• _Input data_:
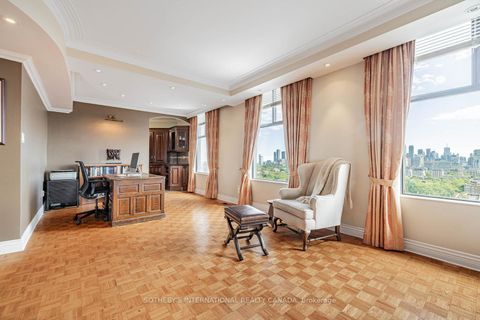 Photo 8 at 13 - 423 Avenue Road, St. Clair, Toronto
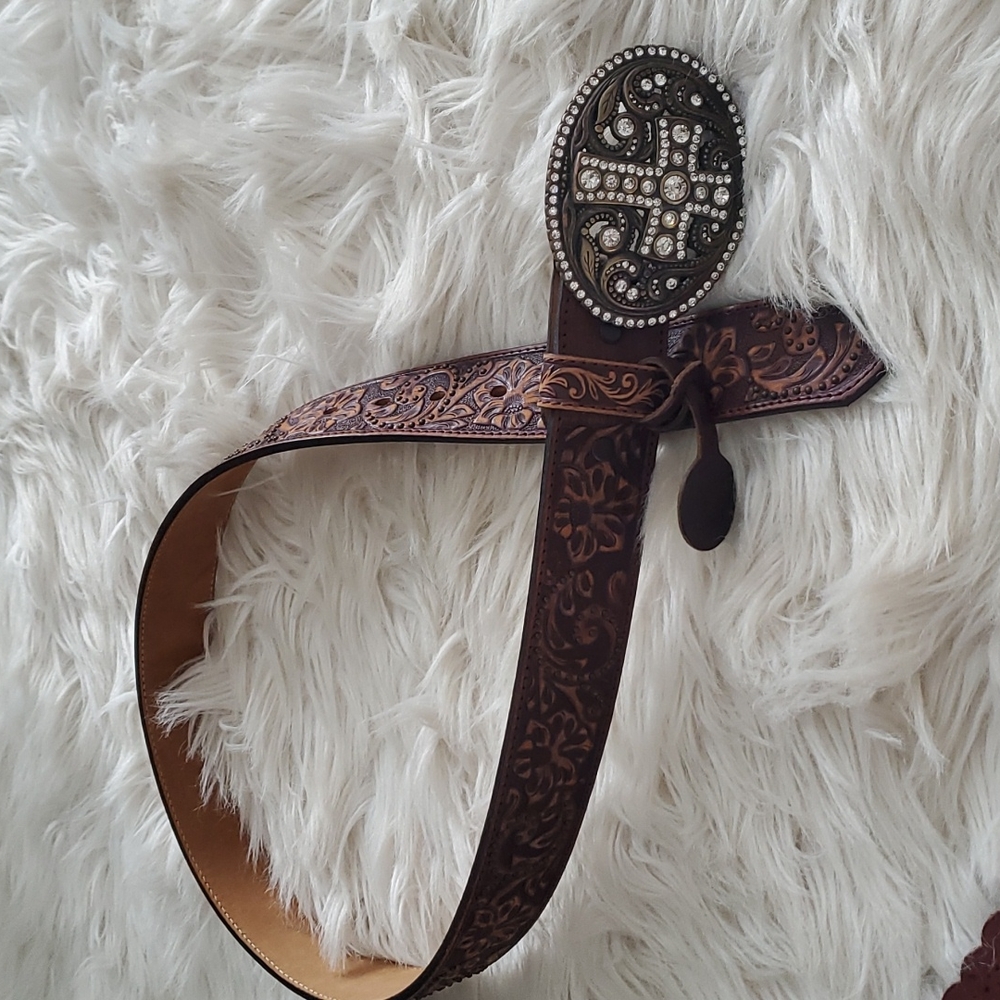 Justin leather belt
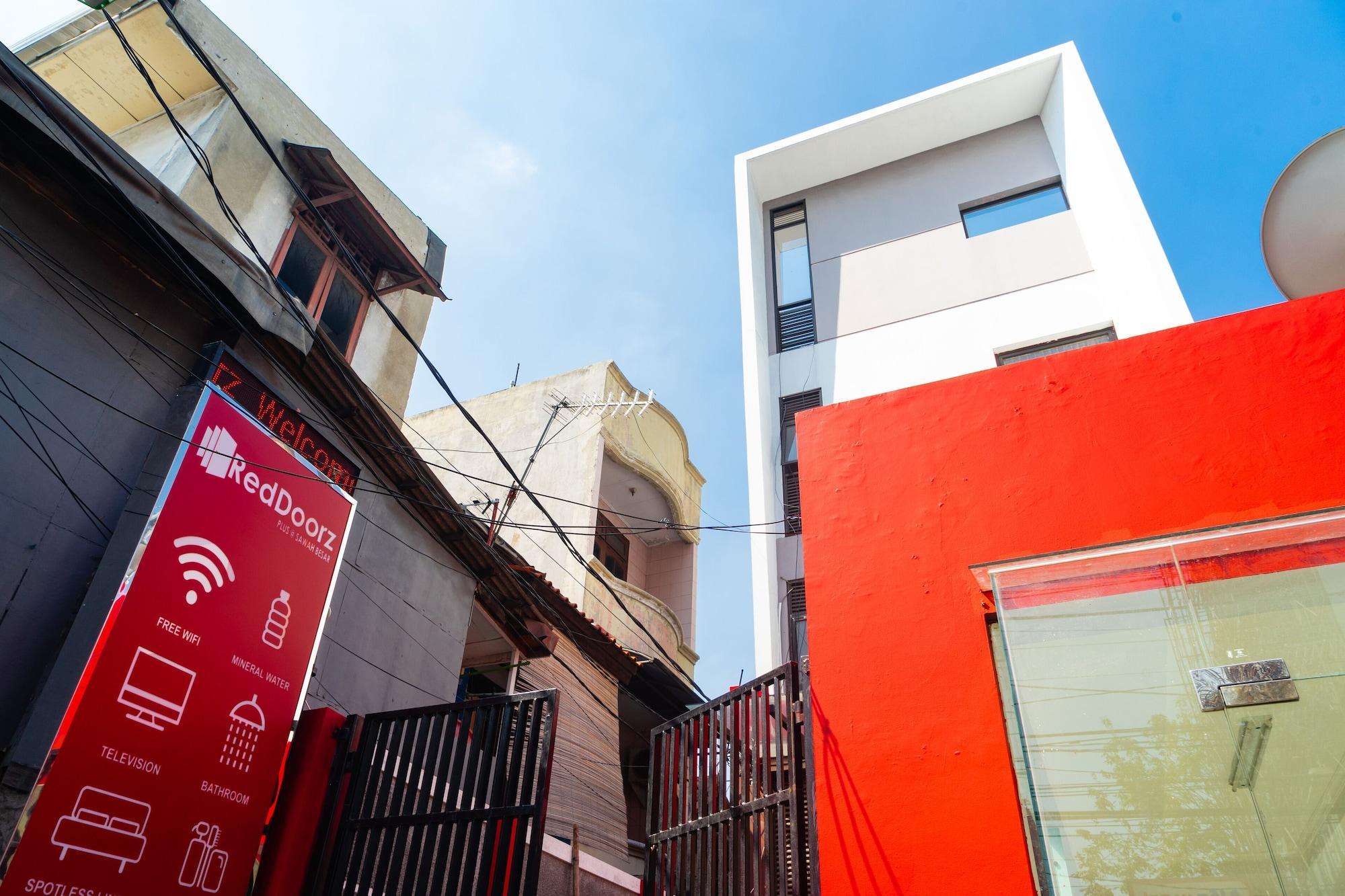 ג'קרטה Reddoorz Plus @ Sawah Besar מראה חיצוני תמונה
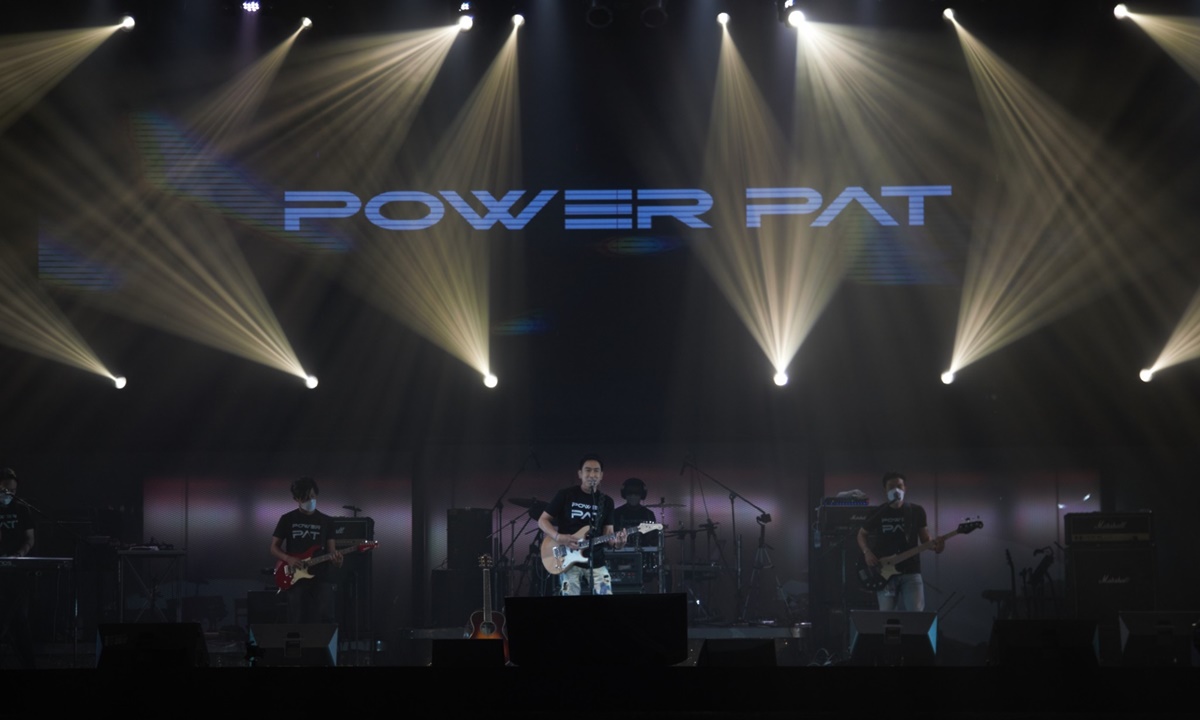 POWER PAT & FRIENDS เพื่อนไม่ทิ้งกัน จัดเต็มความสุข พาแฟนๆ ร่วมบุญช่วยน้ำท่วม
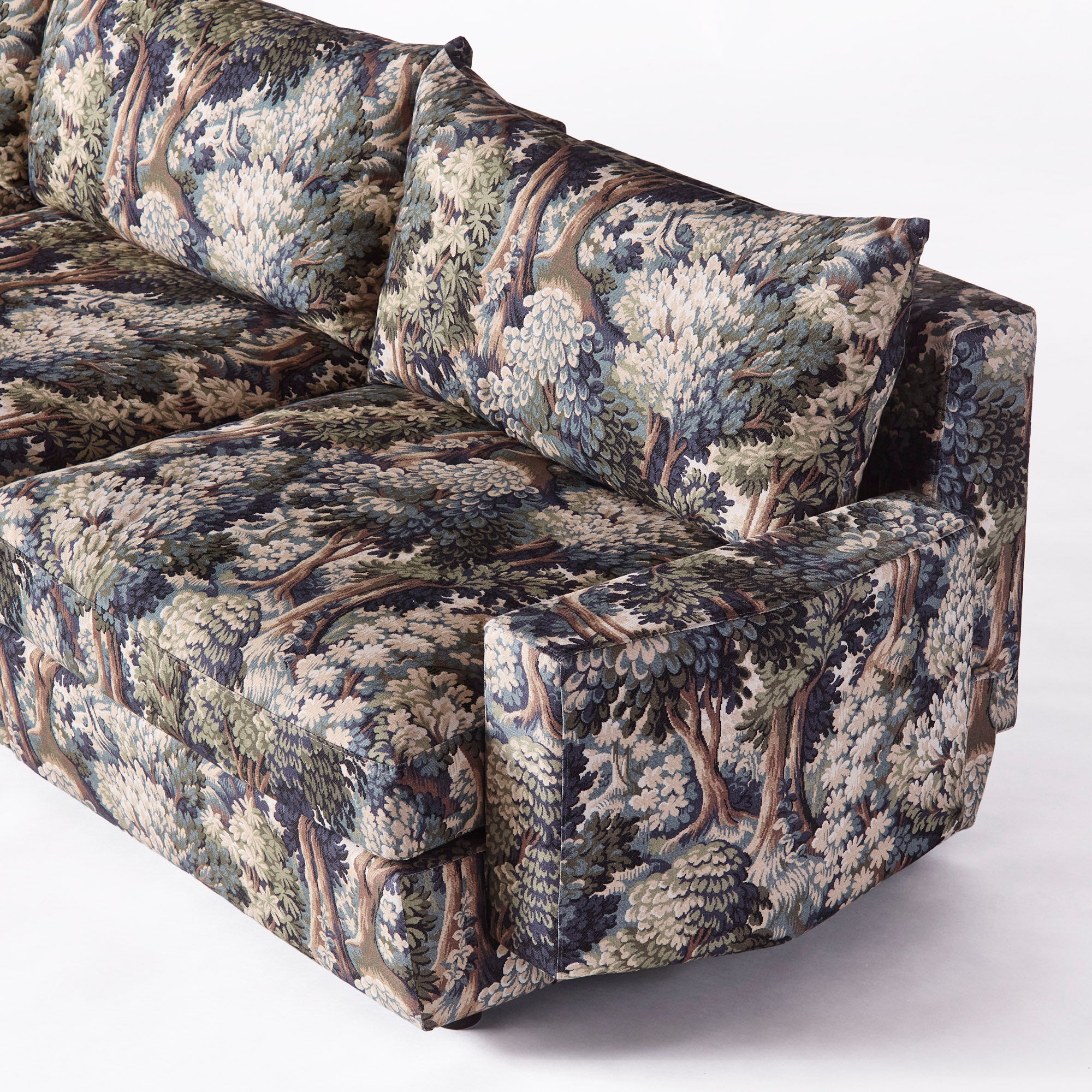 Laurel Sofa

• _Problem description_: The output should be the material above, copied exactly, without its pictures.

• _Your solution_:
 Photo 8 at 13 - 423 Avenue Road, St. Clair, Toronto
 Justin leather belt
 ג'קרטה Reddoorz Plus @ Sawah Besar מראה חיצוני תמונה
 POWER PAT & FRIENDS เพื่อนไม่ทิ้งกัน จัดเต็มความสุข พาแฟนๆ ร่วมบุญช่วยน้ำท่วม
 Laurel Sofa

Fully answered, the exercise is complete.